**Task goal:** For the data below, give again exactly the lines from the one containing "Vevey Hotel & Guesthouse" through the one containing "703 Nw 17TH St, Battle Ground, WA 98604", both ends included, and no others.

**Given records:**
━━━━━━━━━━━━━━━━━━━━

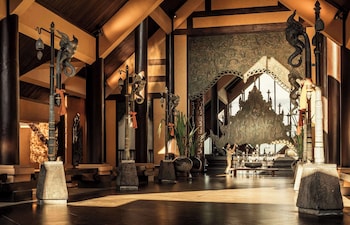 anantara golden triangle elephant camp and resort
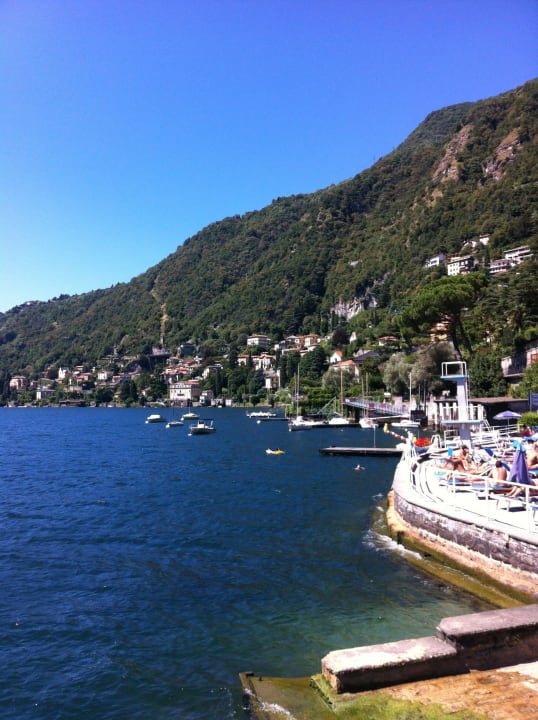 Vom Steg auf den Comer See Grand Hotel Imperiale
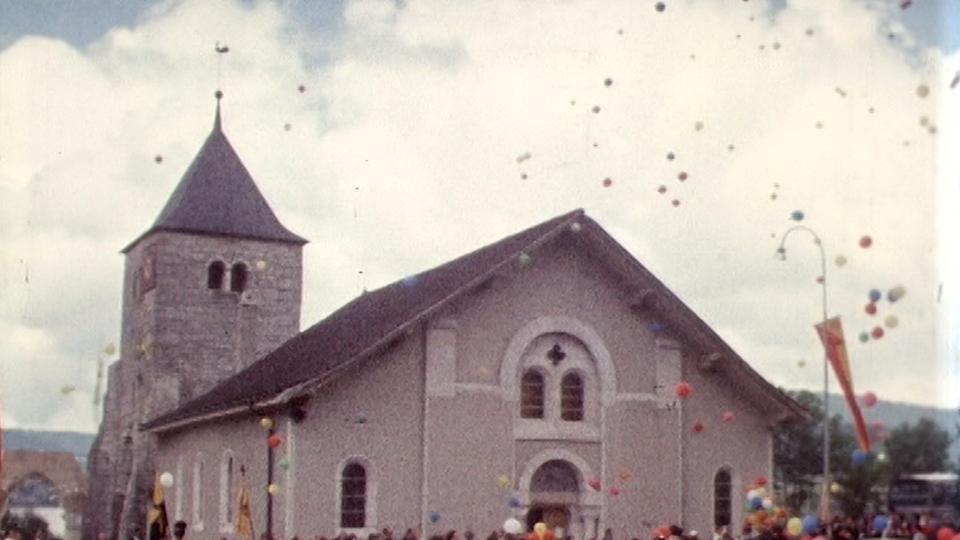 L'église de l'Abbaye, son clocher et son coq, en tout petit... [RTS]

━━━━━━━━━━━━━━━━━━━━

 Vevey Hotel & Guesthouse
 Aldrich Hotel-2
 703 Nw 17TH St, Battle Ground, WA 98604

━━━━━━━━━━━━━━━━━━━━

**Solved problem:**
 Vevey Hotel & Guesthouse
 Aldrich Hotel-2
 703 Nw 17TH St, Battle Ground, WA 98604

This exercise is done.